Provide customers with the right to access their data
This means that you have to provide your customers with a copy of their personal data in an easily readable and portable format. If you are requested to provide personal data, Online store can give you the information that it stores. Also, you should take into consideration the 3rd party services that you might use in your store and who may have access to your customers’ personal data.
Provide customers with the right to delete, edit, restrict certain data uses
As as well as with the access requests, Online store can help you to delete personal data that it stores on your behalf. There is also information you can delete yourself. If your customer asks to delete their order, you must do it according to the law.
You should also remember about the 3rd party services that you might use in your store.
Data breach notifications
Online store acts as Data processor and our merchants act as Data controllers. If your website is experiencing a data breach of any kind, you might be required to notify affected customers. Under the GDPR, a notification must be sent within 72 hours after you become aware of the breach. Data processors are also required to notify users as well as the Data controllers, immediately after becoming aware of a data breach.
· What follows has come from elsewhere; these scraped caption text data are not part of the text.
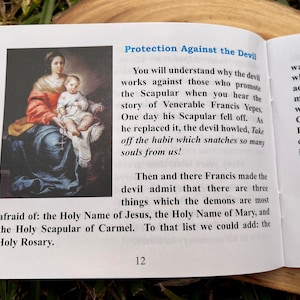May include: A painting of the Virgin Mary holding a young child. The Virgin Mary is wearing a blue robe with a red shawl. The child is wearing a white robe. The painting is set against a dark background. The text "Protection Against the Devil" is visible in the upper right corner of the image.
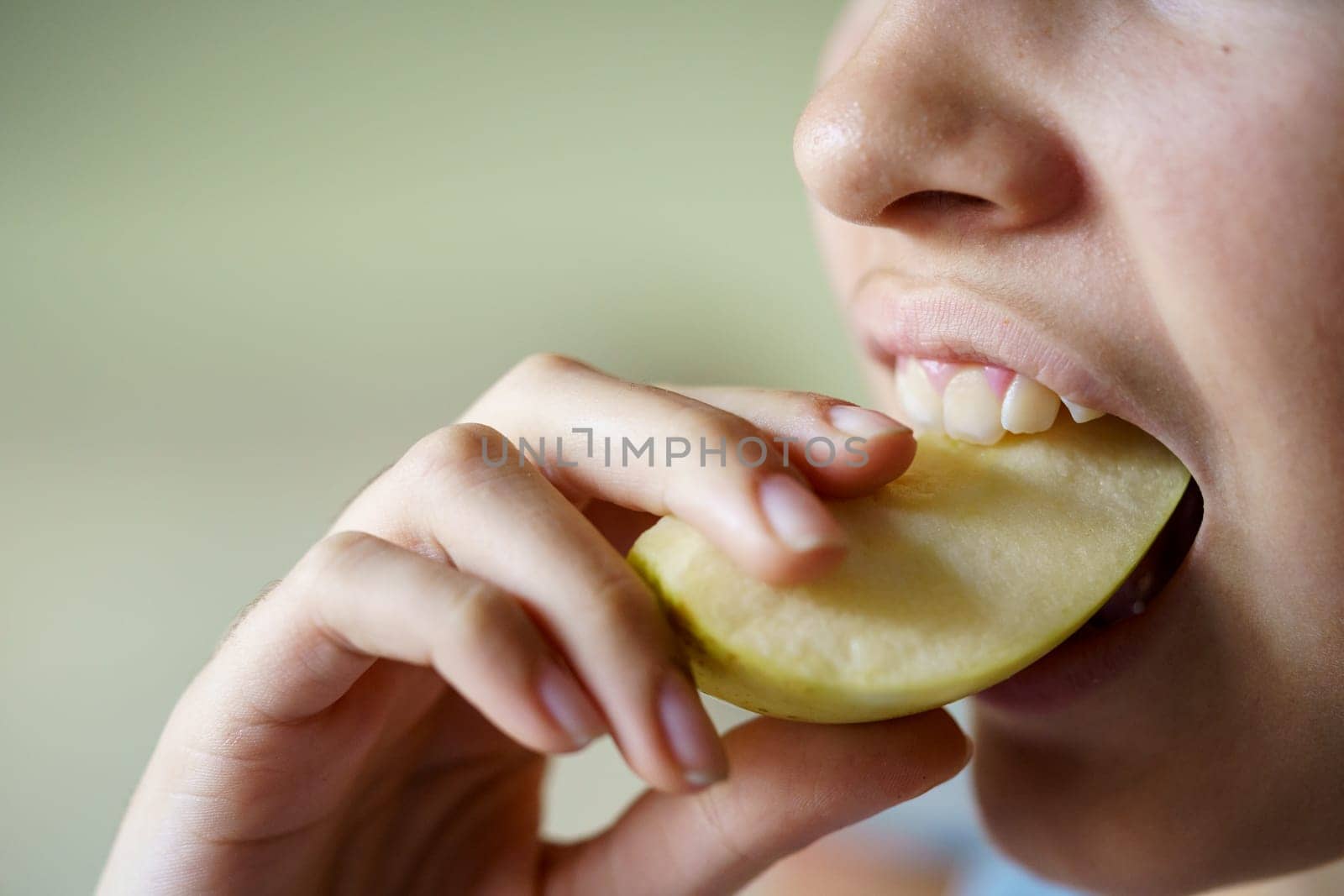 Closeup of anonymous teenage girl eating fresh apple slice at home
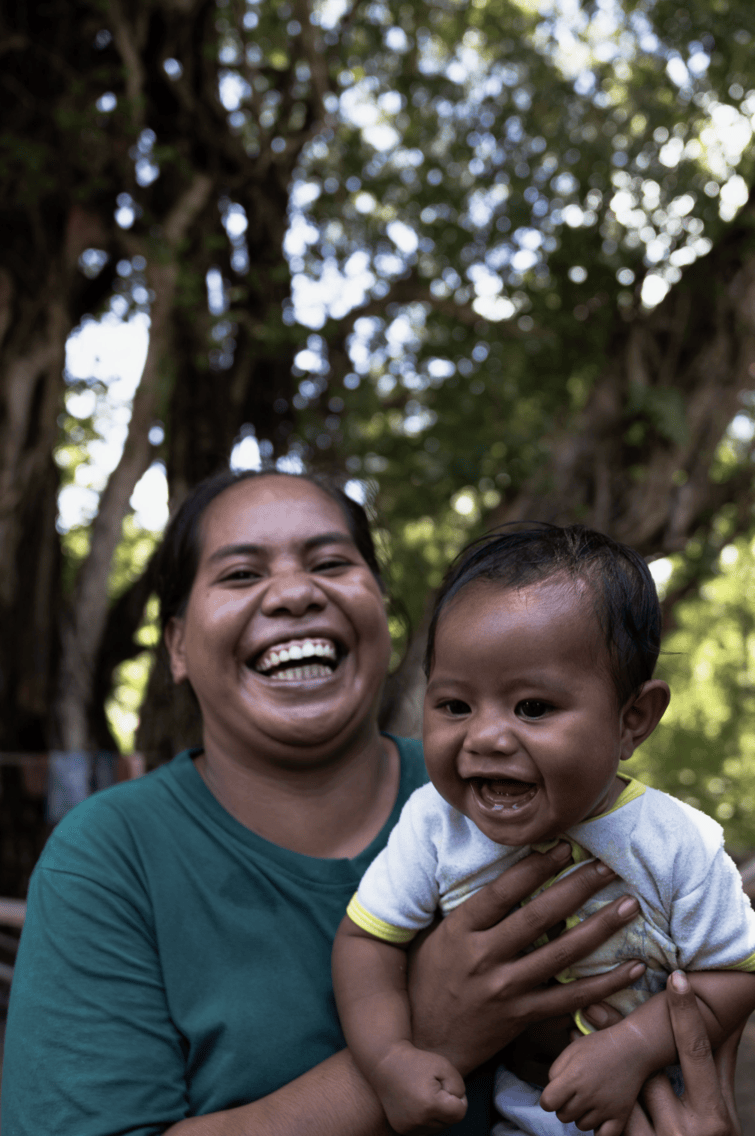 Local mother and child in West Sumba representing improved health and family wellbeing through access to clean water and community support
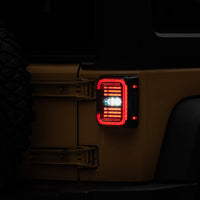 Raxiom 07-18 Jeep Wrangler JK Axial Series LED Halo Tail Lights- Black Housing (Dark Smoked Lens) - Lights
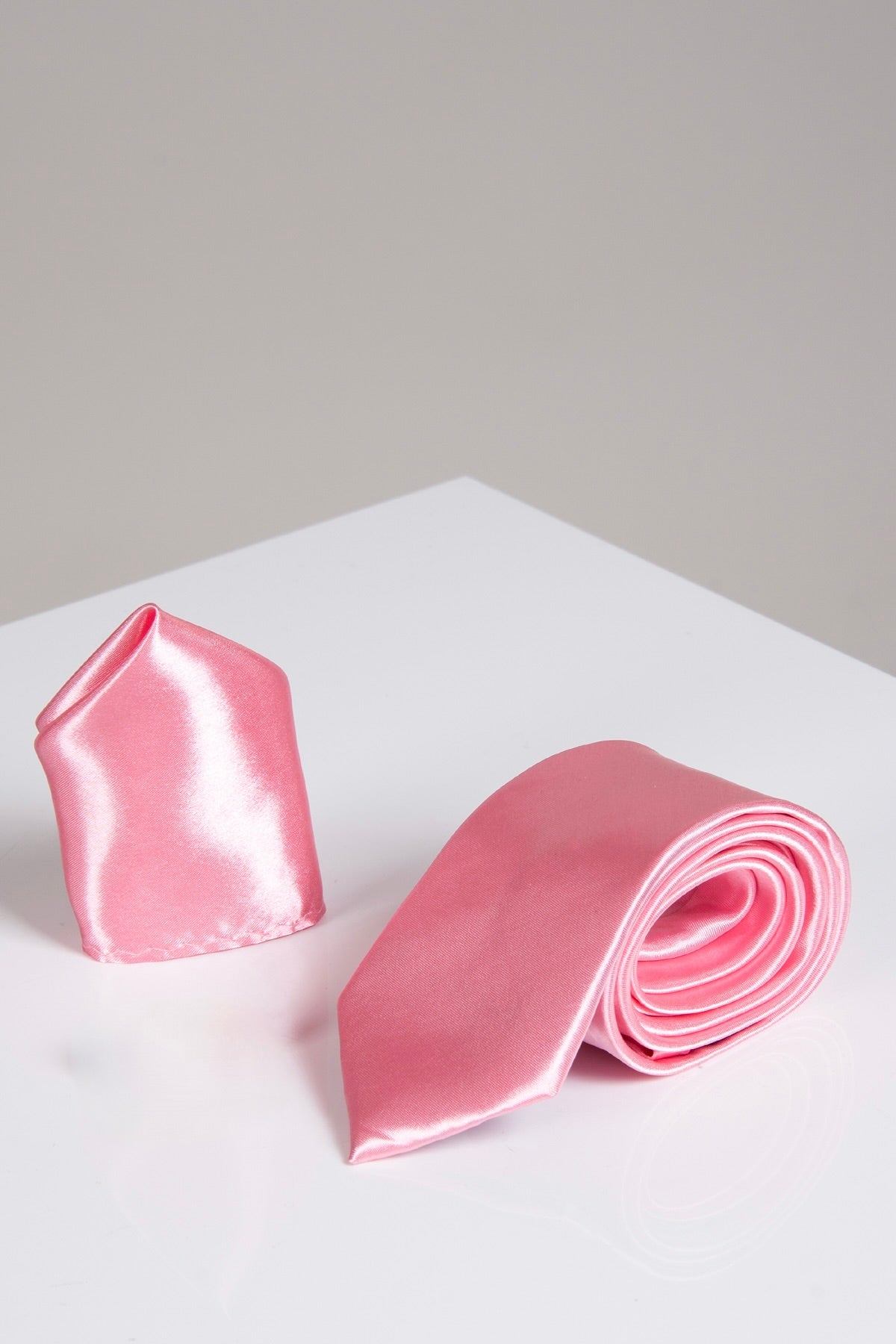 The Accessory ST - Satin Tie and Pocket Square Set in Blush Pink features a shiny satin tie rolled up alongside its matching pocket square, both elegantly displayed on a glossy white surface against a neutral backdrop.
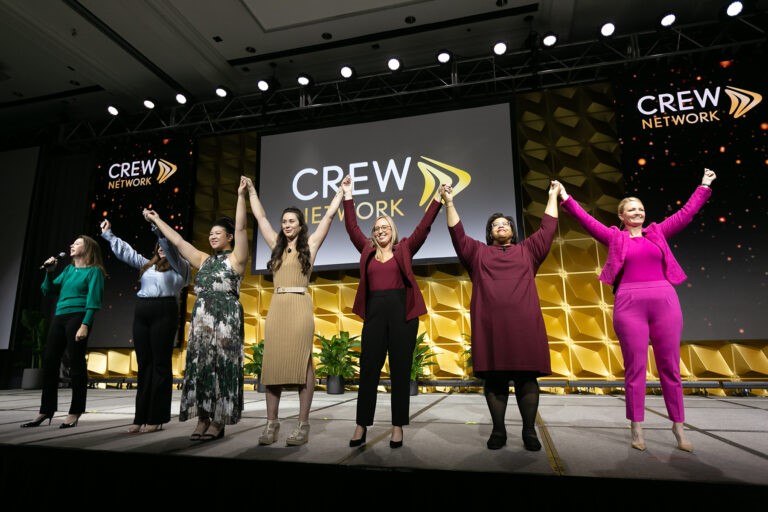 CREW Network small group raising arms on stage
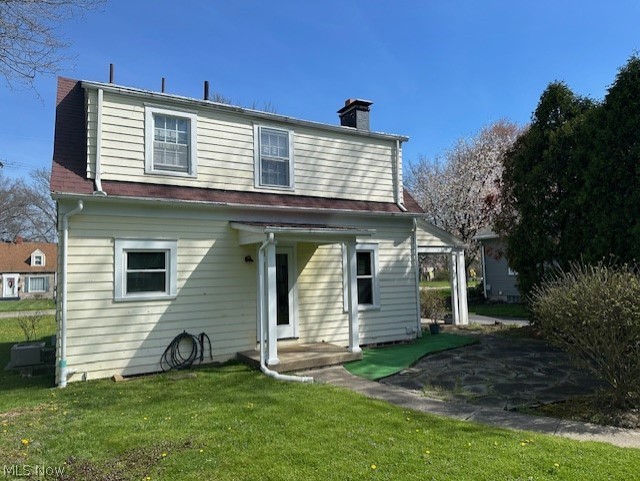 317 Ewing Road Youngstown, OH 44512 - Photo 4 of 15 Back of house with a lawn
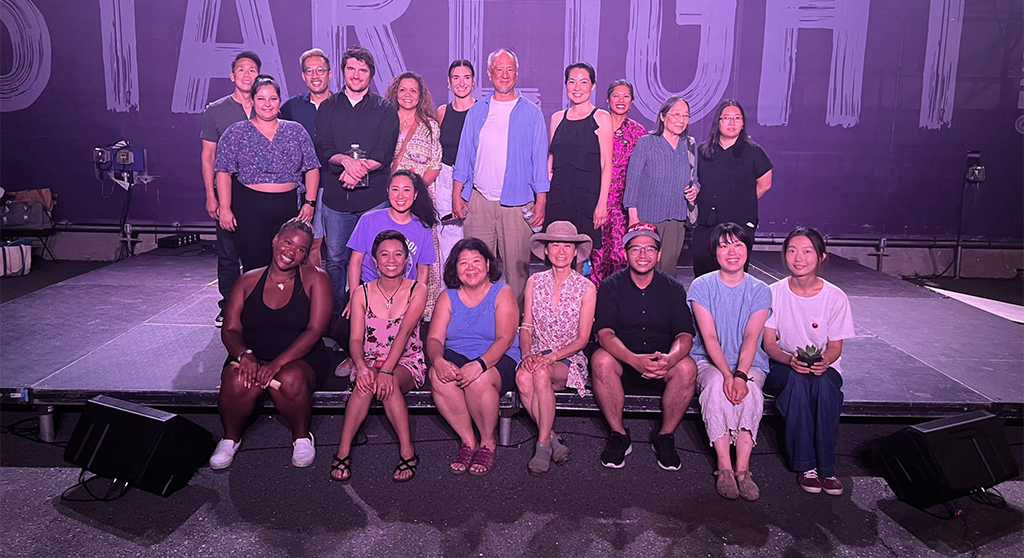 A diverse group of performers on stage, representing the collaborative and inclusive nature of autistic playwriting.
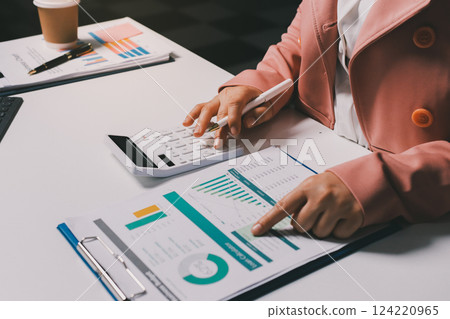 Cropped image of professional businesswoman working at her office via laptop, young female manager using portable computer device while sitting at modern loft, flare light, work process concept 124220965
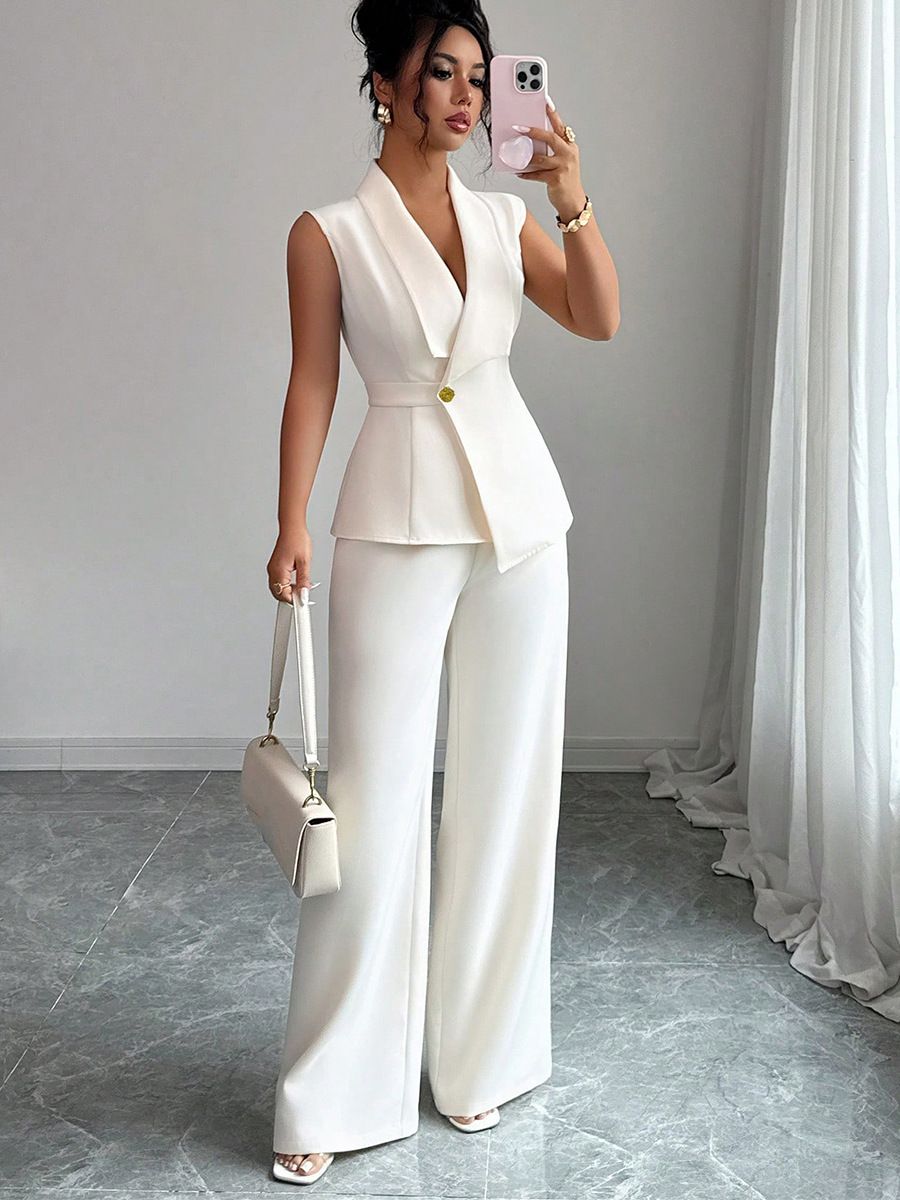 2pcs Set New spring/fall women's set  fashion sophistication. Designed with a solid-color vest and straight-leg pants,corporate professionals attending executive meetings or hosting company events.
Online store follows the GDPR guidelines on how to collect, store, process and share personal data and complies with the requirements of the GDPR in the following ways:
- we assigned the Data Protection Officer who is in charge of the Data Protection Policy;
- we started to deliver the GDPR-focused training to our key teams and personnel;
- we implemented a detailed procedure to deal with all data subject access requests, deletion requests, and government access requests;
- we work only with subprocessors who provide an adequate protection of the personal data through robust technical and organizational measures;
- we developed a reliable method to detect, report and investigate a personal data breach;
- we established the necessary records of data processing activities;
- we are certified under the EU - U.S. and Swiss - U.S. Privacy Shield frameworks, which are a legal mechanism to enable the transfer of personal data from the EEA and Switzerland to the US, where certified organisations guarantee to provide a level of protection in line with EU data protection law.